▶ WHAT TO DO
From the entries, copy each line that includes "standing".

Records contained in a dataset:
>>>>>

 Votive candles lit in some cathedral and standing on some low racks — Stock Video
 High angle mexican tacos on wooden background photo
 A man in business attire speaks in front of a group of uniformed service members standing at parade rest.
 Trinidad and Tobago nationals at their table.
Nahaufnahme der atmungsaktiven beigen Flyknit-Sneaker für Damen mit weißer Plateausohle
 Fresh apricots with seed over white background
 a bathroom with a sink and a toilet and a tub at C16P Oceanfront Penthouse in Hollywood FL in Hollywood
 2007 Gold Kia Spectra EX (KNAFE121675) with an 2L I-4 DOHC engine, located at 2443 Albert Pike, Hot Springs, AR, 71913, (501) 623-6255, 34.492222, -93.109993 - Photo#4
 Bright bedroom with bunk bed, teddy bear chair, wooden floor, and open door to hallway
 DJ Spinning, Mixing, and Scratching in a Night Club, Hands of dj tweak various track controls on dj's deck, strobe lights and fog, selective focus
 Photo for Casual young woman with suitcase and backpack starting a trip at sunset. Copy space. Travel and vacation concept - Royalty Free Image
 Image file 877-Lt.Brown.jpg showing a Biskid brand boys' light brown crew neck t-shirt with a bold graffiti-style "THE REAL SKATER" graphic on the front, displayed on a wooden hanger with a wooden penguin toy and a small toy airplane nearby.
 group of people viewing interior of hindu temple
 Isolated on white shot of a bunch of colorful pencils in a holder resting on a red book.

<<<<<

▶ RESPONSE BOX
 Votive candles lit in some cathedral and standing on some low racks — Stock Video
 A man in business attire speaks in front of a group of uniformed service members standing at parade rest.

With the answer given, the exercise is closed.